Predictive models in a VUCA world
The chances of a catastrophe or the results from an election are typical examples of how the management of volatility, uncertainty, complexity and ambiguity need data-based decision-making today more than ever, for which predictive models are enormously significant.
Hurricane Sandy made landfall in New Jersey, to the south of New York, on 29 October 2012. It left 50 dead and around 19 billion dollars of insured damage in its wake. The challenge for predictive models was – and still is – gigantic. Not surprisingly given that they have to work with immense databases within geographic information systems. These databases include atmospheric conditions, sea temperatures, land elevation, and vegetation and building cover.
Besides managing all this information, the whole process has to take place almost in real time. The tracking of Hurricane Sandy reflects the whole process involved in a data science project as they are applied today: defining the questions to answer (Will it impact populated areas? When will it do so? How heavily? What are the potential risks?); exploratory data analysis (wind speed, atmospheric pressure, tracked trajectory, atmospheric and sea temperatures); defining the predictive models (not only considering past data but thousands of trajectory simulations, possible variable changes, both in combinations and individually, as well as the natural and architectural obstacles that the hurricane might encounter along its path that would affect intensity and trajectory); interpretation of results (in probability scales, from highly unlikely to almost certain scenarios); and – something essential to any data science project and even more so in a scenario where people’s lives are at stake – communication of the results. This is so important that the NOAA and NWS (the agencies responsible for tracking hurricanes in the Atlantic and the US national weather service) modified their warning and contact protocols – both internal and external – as the hurricane advanced. PowerPoint and PDF presentations were abandoned for Internet-based reports in HTML format. The NWS also focused its communication on the impacts – foreseeable locations and dates, the risks involved (winds, rising water levels, precipitation) – while the NOAA modified all its Internet-based communication protocols to create specific websites, which were visited almost 1.3 billion times as the hurricane developed, and used Facebook and Twitter on a huge scale to report on events.

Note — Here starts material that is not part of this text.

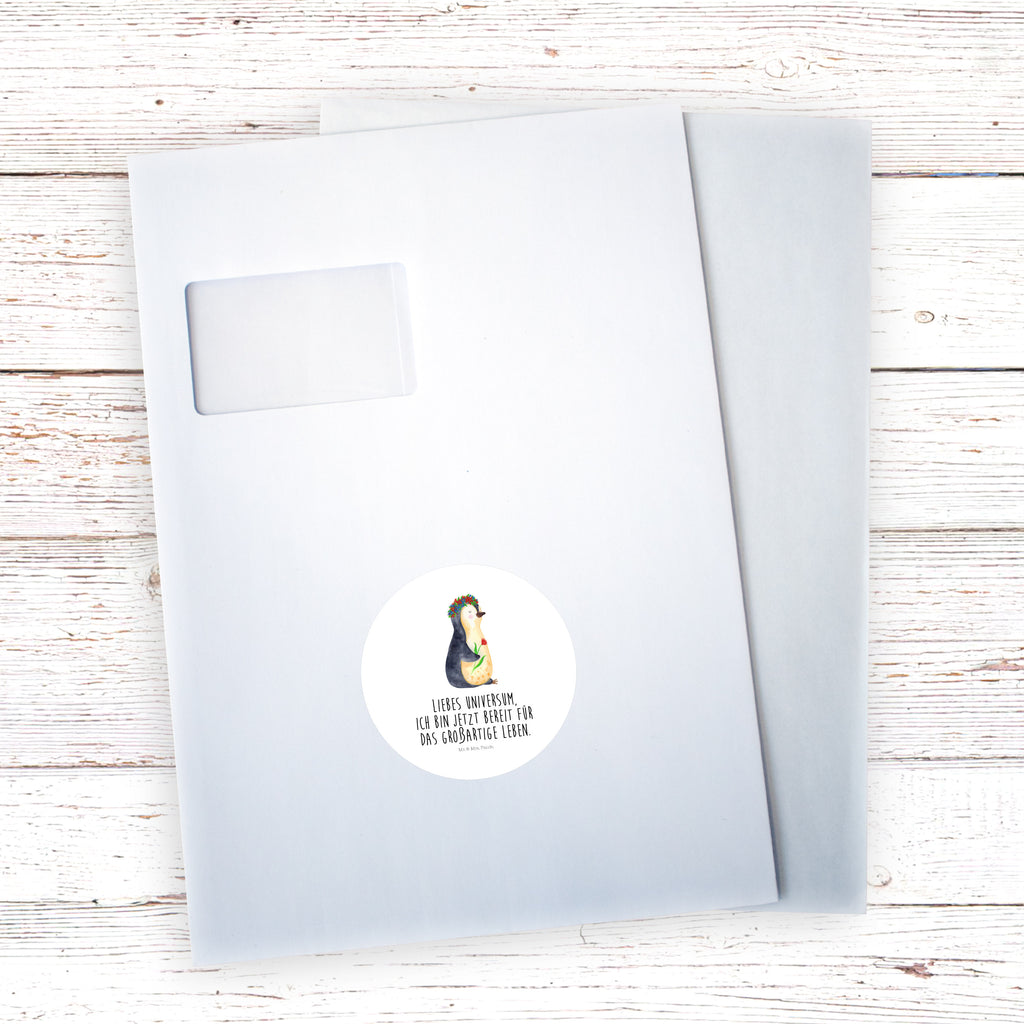 80mm Rund Aufkleber Pinguin Blumenkranz Sticker, Aufkleber, Etikett, Pinguin, Pinguine, Blumenkranz, Universum, Leben, Wünsche, Ziele, Lebensziele, Motivation, Lebenslust, Liebeskummer, Geschenkidee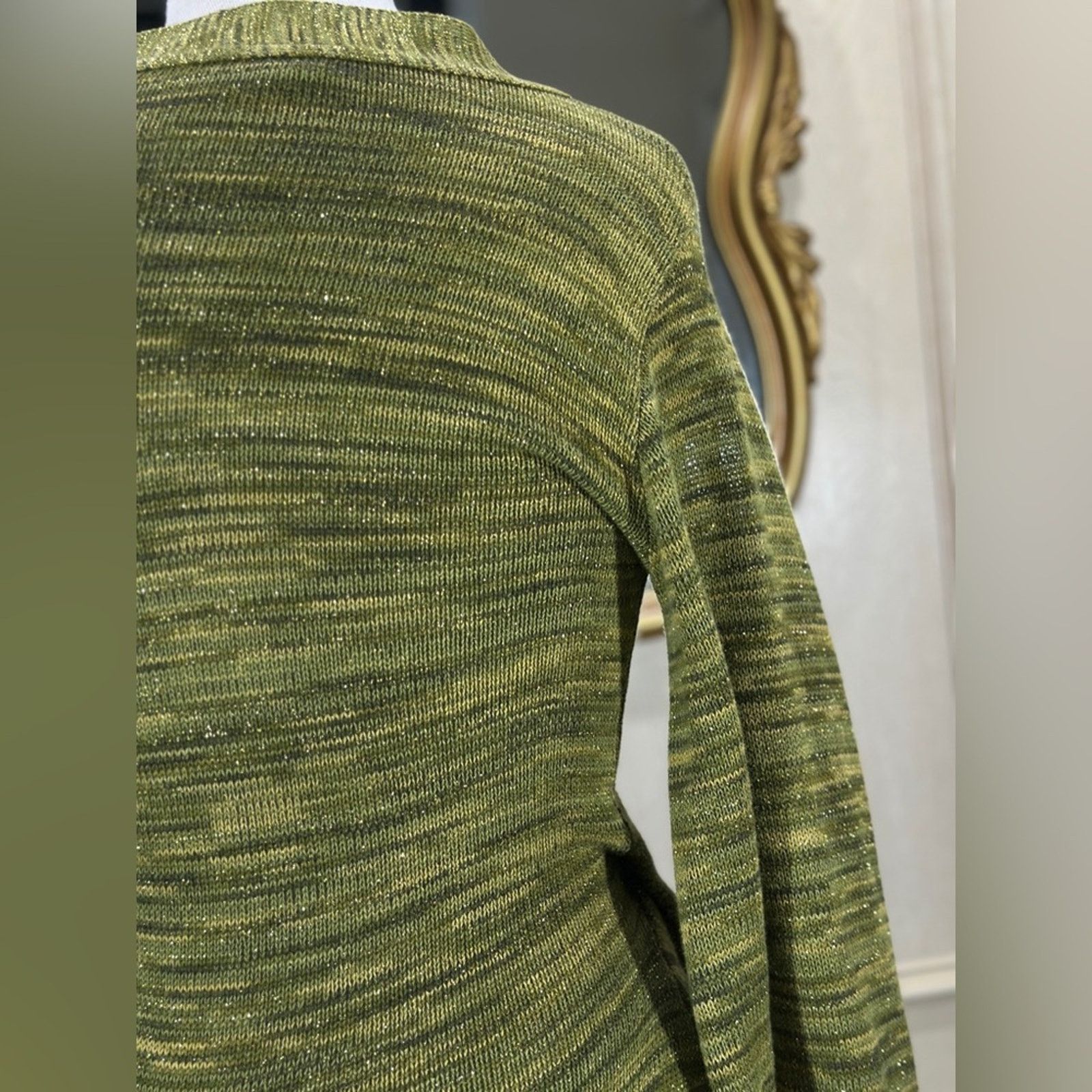 Vintage Vintage Kris Tae’s Metallic Olive Green Sweater Size M Size M / US 6-8 / IT 42-44 - 6 Thumbnail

“For his 2012 re-election campaign, the Obama team invested more than one billion dollars in data science”
Just one week after Sandy, another hurricane hit the headlines. On 6 November, Barack Obama was re-elected as President of the United States. A born communicator with the professionalism and humility to trust his re-election campaign to a team based on traditional communication techniques in combination with new techniques emerging from data science and behavioral psychology.
For his 2012 re-election campaign, the Obama team invested more than one billion dollars in data science. His four years in the White House had seen an unprecedented technological and cultural transformation in North American society. Whereas, Facebook had 33 million users in the US in 2008 and some 135 million worldwide, this figure stood at 166 million in 2012 with more than 900 million worldwide.
While Obama was being sworn in for his first term, the CND hired Dan Wagner as Director of Analytics for one basic purpose: to develop metrics that would allow in-depth knowledge to be gained of voter behavior. During the mid-terms in November 2010, Wagner not only predicted defeat but anticipated it by five months. Based on confirmation of his predictions, Wagner’s predictive models became the “gold standard” for the party. For TV alone, the budget amounted to 300 million dollars. They developed software – the Optimizer – that divided the day into 96 15-minute segments in order to launch the best message not only for the demographic associated with the program being broadcast but also the specific audience believed to be watching at the time, obtaining a return on investment far higher than traditional methods.
“One basic purpose: to develop metrics that would allow in-depth knowledge to be gained of voter behavior”
Something was happening and, worst of all for the director of Romney’s data science team, Alexander Lundry, he couldn’t explain it. The difference in ability to reach the advertising market was clear: while the Republican Party was spending its budget on supra-State channels, the Democrats were spending their money on unexpected programs during strange time slots, breaking the established mold and acting out of the box. Eric Schmidt, the President of Google at the time, said it was “the best election campaign ever conducted in history”.
These two events, taken from the book entitled Alquimia (Deusto, 2019), can be used to discuss two fundamental factors for success in a VUCA scenario like the one we are in at the moment. Firstly, a predictive model is only one part of the data science project and, as such, will always depend on the correct definition of the questions and proper data quality. Secondly, a correct combination of those models with a human team experienced in the interpretation and communication of the knowledge gained – the data translators – is essential. Together with the essential ethics guide that will accompany us throughout the process, investment will achieve the desired result.